CORNERING YOUR CHARACTERS
Have you ever read one of those books where all along you’re wondering why didn’t the main character just . . . call the police, tell a parent (take whatever action, any reasonable person would) and then he/she would not be in this predicament? I can tell you that one of John Grisham’s books annoyed me greatly that way. (I won’t tell you which title, in case it is one you like.) I simply could not suspend my disbelief . . . I kept wondering why doesn’t the kid just tell everybody and then the bad guys wouldn’t have been solely after him to shut him up.
When an author doesn’t take care of these kinds of loose ends he/she risks losing a reader. A character—especially a main character—must consider and act as any rational person would unless there is a compelling reason not to do the sensible thing.

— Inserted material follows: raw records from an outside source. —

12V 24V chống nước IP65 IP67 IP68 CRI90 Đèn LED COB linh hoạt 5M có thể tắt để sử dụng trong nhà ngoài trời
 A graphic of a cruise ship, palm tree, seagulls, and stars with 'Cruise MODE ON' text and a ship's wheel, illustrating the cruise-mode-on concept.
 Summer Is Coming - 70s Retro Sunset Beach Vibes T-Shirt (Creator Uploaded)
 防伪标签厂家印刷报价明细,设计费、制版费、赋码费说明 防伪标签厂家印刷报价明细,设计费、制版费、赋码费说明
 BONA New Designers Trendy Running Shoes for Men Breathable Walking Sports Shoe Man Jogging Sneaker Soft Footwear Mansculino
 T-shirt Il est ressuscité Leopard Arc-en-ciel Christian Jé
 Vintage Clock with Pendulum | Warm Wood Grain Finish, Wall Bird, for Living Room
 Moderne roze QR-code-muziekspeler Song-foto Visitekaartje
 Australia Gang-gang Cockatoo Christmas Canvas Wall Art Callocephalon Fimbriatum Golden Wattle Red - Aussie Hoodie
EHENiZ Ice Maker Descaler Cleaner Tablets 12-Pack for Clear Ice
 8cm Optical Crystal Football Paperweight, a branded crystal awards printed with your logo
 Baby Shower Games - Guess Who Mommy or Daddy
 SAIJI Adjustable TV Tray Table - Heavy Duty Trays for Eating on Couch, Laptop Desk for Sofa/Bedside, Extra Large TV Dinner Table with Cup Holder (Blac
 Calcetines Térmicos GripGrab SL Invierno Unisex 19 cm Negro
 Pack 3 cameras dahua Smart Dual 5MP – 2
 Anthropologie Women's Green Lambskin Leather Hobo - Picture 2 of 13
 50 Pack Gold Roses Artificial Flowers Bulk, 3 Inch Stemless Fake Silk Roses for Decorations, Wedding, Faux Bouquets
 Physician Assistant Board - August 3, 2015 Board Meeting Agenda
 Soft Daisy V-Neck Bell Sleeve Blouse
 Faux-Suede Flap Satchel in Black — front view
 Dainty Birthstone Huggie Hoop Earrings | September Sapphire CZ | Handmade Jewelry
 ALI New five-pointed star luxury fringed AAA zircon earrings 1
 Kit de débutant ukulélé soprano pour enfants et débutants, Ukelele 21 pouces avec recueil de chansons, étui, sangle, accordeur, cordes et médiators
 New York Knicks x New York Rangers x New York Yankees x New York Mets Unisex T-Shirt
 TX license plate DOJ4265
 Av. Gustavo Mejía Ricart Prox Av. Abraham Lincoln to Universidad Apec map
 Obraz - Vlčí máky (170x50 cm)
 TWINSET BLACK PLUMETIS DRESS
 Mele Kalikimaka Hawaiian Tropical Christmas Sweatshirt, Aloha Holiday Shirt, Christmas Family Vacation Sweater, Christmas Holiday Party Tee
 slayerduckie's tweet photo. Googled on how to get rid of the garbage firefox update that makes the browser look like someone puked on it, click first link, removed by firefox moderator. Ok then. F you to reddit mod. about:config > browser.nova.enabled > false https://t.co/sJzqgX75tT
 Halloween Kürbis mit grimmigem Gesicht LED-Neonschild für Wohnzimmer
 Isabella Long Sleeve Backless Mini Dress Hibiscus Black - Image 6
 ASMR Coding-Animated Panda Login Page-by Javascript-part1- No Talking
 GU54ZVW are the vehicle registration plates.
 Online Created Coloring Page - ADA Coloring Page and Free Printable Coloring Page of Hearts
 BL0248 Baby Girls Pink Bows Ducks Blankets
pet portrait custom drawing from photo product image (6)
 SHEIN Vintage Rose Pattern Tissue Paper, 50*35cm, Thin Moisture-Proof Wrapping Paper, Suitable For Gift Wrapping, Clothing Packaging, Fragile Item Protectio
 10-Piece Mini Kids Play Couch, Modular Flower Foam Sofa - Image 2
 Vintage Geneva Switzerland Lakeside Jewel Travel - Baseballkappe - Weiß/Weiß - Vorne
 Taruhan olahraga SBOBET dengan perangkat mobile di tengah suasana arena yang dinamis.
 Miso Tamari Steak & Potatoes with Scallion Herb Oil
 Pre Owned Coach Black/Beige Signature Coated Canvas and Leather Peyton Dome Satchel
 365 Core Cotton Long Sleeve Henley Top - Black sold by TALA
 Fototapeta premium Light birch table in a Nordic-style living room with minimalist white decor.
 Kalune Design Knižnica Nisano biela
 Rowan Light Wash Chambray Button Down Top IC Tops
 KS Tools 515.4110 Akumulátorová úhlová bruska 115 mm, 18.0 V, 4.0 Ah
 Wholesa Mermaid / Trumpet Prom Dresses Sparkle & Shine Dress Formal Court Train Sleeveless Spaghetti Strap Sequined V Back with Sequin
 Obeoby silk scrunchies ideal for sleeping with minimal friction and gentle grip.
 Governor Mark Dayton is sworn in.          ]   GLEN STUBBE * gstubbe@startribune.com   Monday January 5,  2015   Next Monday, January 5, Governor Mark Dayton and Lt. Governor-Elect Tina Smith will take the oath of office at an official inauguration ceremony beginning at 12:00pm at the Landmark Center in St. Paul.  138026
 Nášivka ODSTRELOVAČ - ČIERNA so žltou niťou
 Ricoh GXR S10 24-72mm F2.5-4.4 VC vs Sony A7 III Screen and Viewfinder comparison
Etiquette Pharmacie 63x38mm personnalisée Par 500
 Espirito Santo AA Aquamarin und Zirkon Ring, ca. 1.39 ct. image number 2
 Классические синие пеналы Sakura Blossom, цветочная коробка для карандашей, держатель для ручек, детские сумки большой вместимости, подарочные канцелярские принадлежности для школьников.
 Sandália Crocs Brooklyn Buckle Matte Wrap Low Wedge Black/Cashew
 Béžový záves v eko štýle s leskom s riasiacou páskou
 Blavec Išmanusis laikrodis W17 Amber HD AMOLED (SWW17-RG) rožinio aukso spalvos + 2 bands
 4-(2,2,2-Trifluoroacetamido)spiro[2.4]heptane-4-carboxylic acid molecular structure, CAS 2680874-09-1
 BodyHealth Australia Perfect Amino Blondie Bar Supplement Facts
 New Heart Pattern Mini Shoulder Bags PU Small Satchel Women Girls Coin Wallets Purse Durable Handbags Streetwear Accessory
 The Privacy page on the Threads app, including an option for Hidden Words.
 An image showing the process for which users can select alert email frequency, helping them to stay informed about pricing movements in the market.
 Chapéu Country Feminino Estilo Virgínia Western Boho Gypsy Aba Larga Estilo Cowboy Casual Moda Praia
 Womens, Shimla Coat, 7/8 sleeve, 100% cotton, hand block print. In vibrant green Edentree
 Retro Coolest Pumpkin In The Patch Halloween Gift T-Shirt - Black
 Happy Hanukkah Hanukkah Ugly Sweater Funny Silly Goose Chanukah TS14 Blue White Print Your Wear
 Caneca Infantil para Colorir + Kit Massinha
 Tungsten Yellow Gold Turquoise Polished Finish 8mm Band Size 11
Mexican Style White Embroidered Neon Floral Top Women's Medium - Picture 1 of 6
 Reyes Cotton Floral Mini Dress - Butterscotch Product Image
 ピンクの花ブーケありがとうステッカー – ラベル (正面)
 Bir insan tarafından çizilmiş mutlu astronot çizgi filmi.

If you really want to put pressure on your protagonist, and pump up the action, you need to corner your “prey”—your main character (MC). After all, part of creating plot is putting the hurt on your characters. The way to do this is that with every major cause and effect link in your plot, you need to be sure to securely close any escape routes. As you do this, you are narrowing the choices of your MC until your MC must make the hard decision you’ve wanted him/her to make all along. Then you’ll have your reader glued to the page.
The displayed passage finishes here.